Configuration Management: Ansible as a Major Improvement

Configuration management tools such as Ansible replace many manual procedures with versioned, repeatable automation.

Instead of documenting “install Nginx and edit these five settings,” we can describe the target state:

- name: Configure web servers
  hosts: web
  become: true
  roles:
    - baseline
    - nginx
    - application

Roles can install packages, render configuration files, create users, configure services, and restart components only when required. Inventories describe which machines belong to which environment. Variables make intended differences explicit.

This is a substantial operational improvement:

  • configuration is stored in code
  • changes can be reviewed
  • environments can be rebuilt
  • repeated runs reduce drift
  • knowledge moves from shell history into playbooks
  • teams can test changes before applying them broadly

Ansible also introduces idempotence as an operational discipline. A playbook should be safe to run repeatedly and should converge a host toward the declared state.

But Ansible is not automatically GitOps.

In a common Ansible model, an operator or CI job pushes changes into the environment at a particular moment. If someone modifies the server afterward, the drift may remain until the next playbook run. The target does not usually watch the repository and continuously reconcile itself.

That does not make Ansible inferior. It makes it a different tool with a different control model. Ansible is excellent for bootstrapping machines, managing operating systems, orchestrating procedural tasks, and operating systems that do not expose a Kubernetes-style reconciliation API.

The important evolution is this:

Manual operations
    ↓
Repeatable scripts
    ↓
Declarative configuration management
    ↓
Versioned infrastructure and automated delivery
    ↓
Continuous reconciliation

Each step reduces ambiguity. GitOps builds on the earlier lessons rather than making them obsolete.

Infrastructure as Code Is Necessary but Not Sufficient

Infrastructure as Code gives us a machine-readable description of infrastructure.
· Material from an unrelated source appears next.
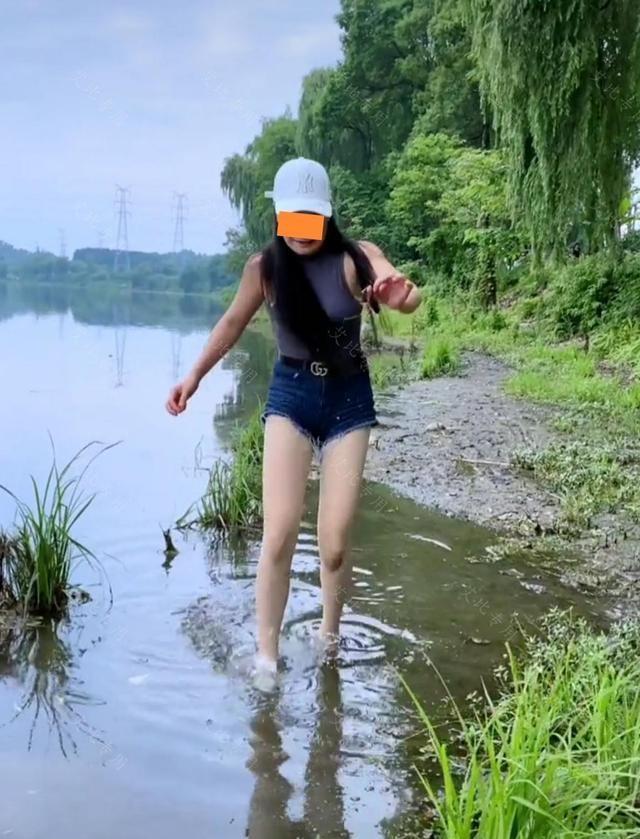 女子和相亲对象在河边约会,她丝毫不顾形象,脱掉鞋子去抓小龙虾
Terraform, OpenTofu, Pulumi, CloudFormation, Ansible, Kubernetes manifests, and other tools can make infrastructure reproducible and reviewable.

But storing infrastructure code in Git does not by itself create GitOps.
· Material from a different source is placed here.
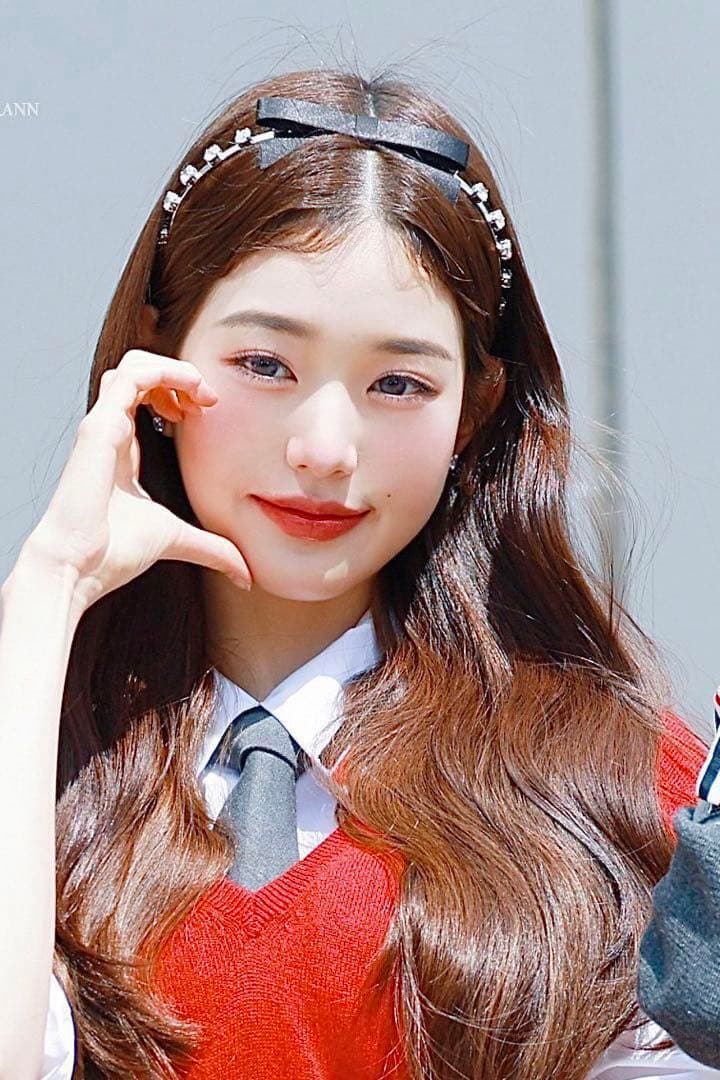 MIUMIU♡ビジュー リボン カチューシャ ウォニョンちゃん着用 - メルカリ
A repository may contain perfect Terraform code while production is changed manually through the cloud console. A Kubernetes repository may be updated only after someone edits the cluster through a dashboard. An Ansible playbook may describe most of a server while emergency modifications remain permanently outside automation.

In these cases, Git is documentation of what the system looked like at some point. It is not the authoritative desired state.
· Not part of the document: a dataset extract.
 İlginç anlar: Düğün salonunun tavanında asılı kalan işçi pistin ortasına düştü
GitOps closes that gap by making the repository the normal path for change and by continuously comparing intent with reality.

Kubernetes Through a Dashboard: Convenient but Opaque

Kubernetes dashboards are useful for exploration and troubleshooting. They become dangerous when they are the primary operating model.

Consider a team deploying an application through a graphical dashboard:

  1. An engineer creates a Deployment and Service.
  2. Another engineer changes the image tag during a release.
  3. Someone edits a ConfigMap to resolve an incident.
  4. A replica count is increased before a marketing event.
  5. A security setting is added after an audit.
  6. A namespace administrator changes resource limits to stop evictions.

The cluster now contains the result of several reasonable decisions. But where is the complete explanation?

The dashboard may show the current objects, yet it usually cannot answer the full set of operational questions:

  • Why was this value changed?
  • Who reviewed it?
  • Which ticket or incident justified it?
  • Was the same change applied to staging?
  • What did the configuration look like last month?
  • Can we recreate the namespace in another cluster?
  • Which manual change will disappear during the next deployment?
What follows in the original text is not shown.